> _SOURCE MATERIAL_:
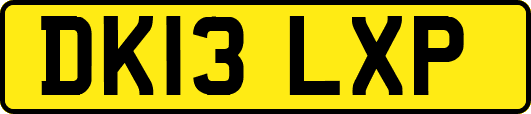 DK13LXP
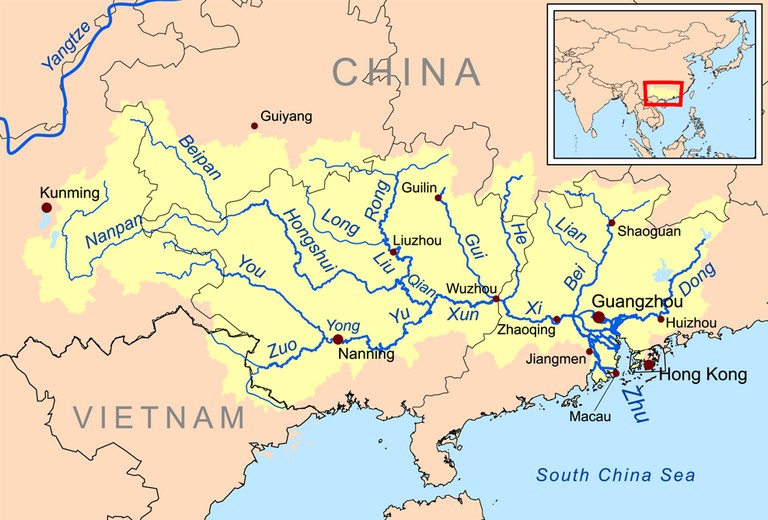 Tam Giang Tịnh Lưu là gì? Vì sao được UNESCO công nhận là di sản?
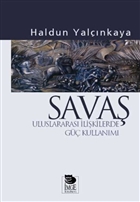 Sava mge Kitabevi Yaynlar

> _WORK REQUIRED_: Print the material precisely as given, dropping any images it holds.

> _TASK RESPONSE_:
 DK13LXP
 Tam Giang Tịnh Lưu là gì? Vì sao được UNESCO công nhận là di sản?
 Sava mge Kitabevi Yaynlar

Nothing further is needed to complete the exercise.